THE Guyana Elections Commission (GECOM) has said that national identification (ID) cards will only be issued after an applicant’s fingerprint and residency have been verified by officers of the elections body.
The commission said that there are a variety of statutory forms that must be filled out when applying for any of the various registration transactions, as a matter of commission policy, by GECOM Registration Staff – a task that they are trained extensively to perform. So, applicants for registration are not permitted to fill any of the forms.
“GECOM recognises that individual persons have their respective signatures which they have been using customarily. Accordingly, there is no prescribed signature requirement which must be met by applicants for registration, save and except for placing their signature in the space provided for this purpose,” the elections body said.
Residency verification is a statutory component of the process which must be completed relative to the processing of an application for registration.
In this regard, the commission – as a matter of policy – decided that registration staff must visit the residential address provided by an applicant no sooner than 48 hours after the application was made.
The justification for this is to discourage persons applying for registration from using addresses where they do not reside.
Further, this measure is pivotal to the correct placement of eligible persons in any List of Electors, to ensure that they are correctly listed to vote at polling stations for the catchment area that aligns with their residential addresses.
National ID cards are produced and issued to persons whose applications for registration are successful. GECOM is responsible for ensuring that no person is listed more than once in the National Register of Registrants (NRR).

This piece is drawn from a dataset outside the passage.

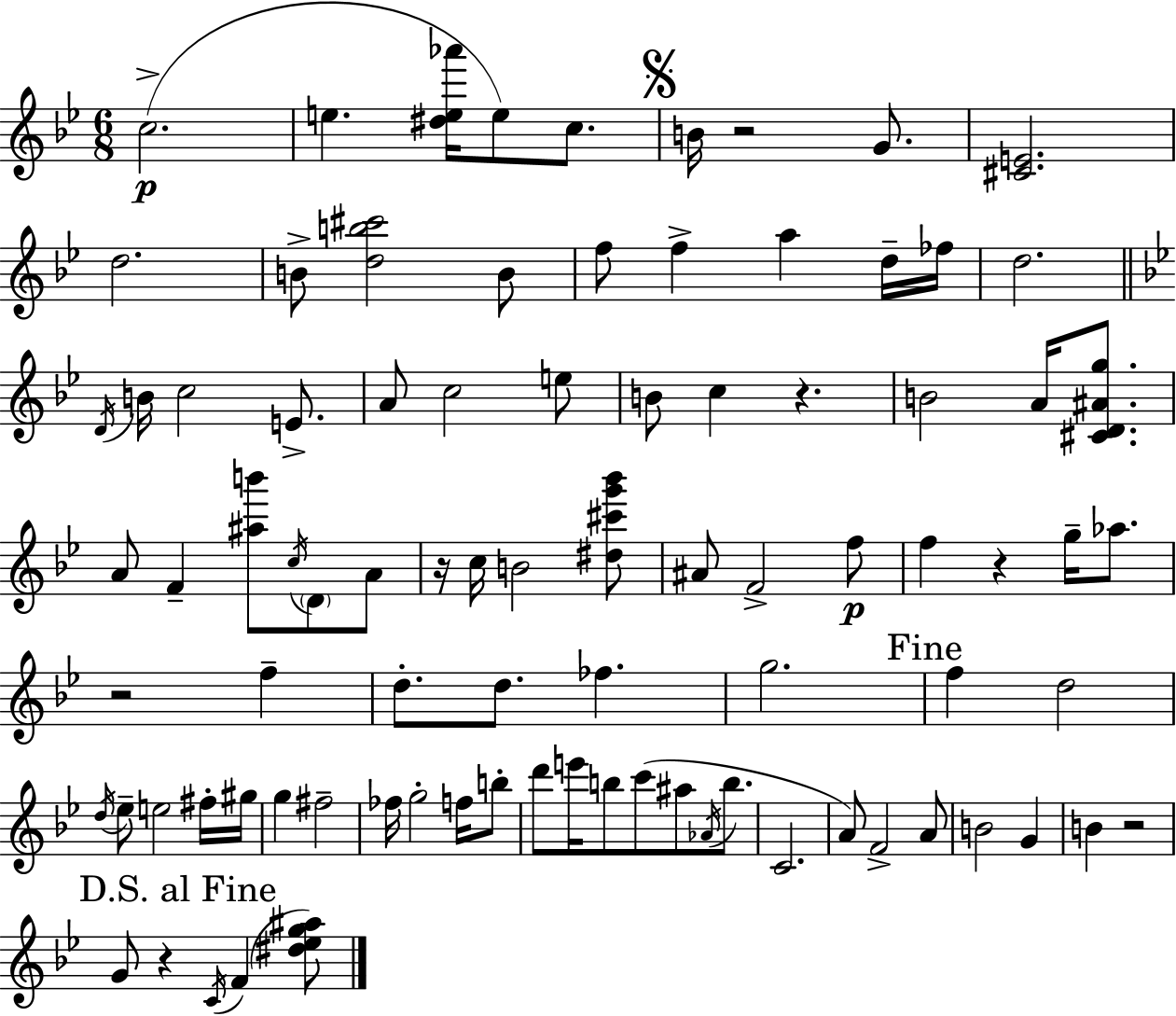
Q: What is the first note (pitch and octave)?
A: C5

Accordingly, the commission conducts due diligence checks for double registrations by cross-matching the fingerprints of all applicants for registration against those of the registrants who are listed in the NRR.
Fingerprints taken from applicants for registration during any given registration exercise could be dispatched for cross-matching only after the close of the exercise. Fingerprint cross-matching is currently outsourced to an overseas contractor.
It is only after the applicants for registration have been cleared as new applicants for registration, through this methodology, that they are committed to the NRR and ID cards are issued.
It is not unusual for this to take place until about two months after the closure of the particular registration exercise.
It is essential that all stakeholders make queries pertaining to the work of GECOM through the commissions’ Public Relations Officer, Yolanda Ward.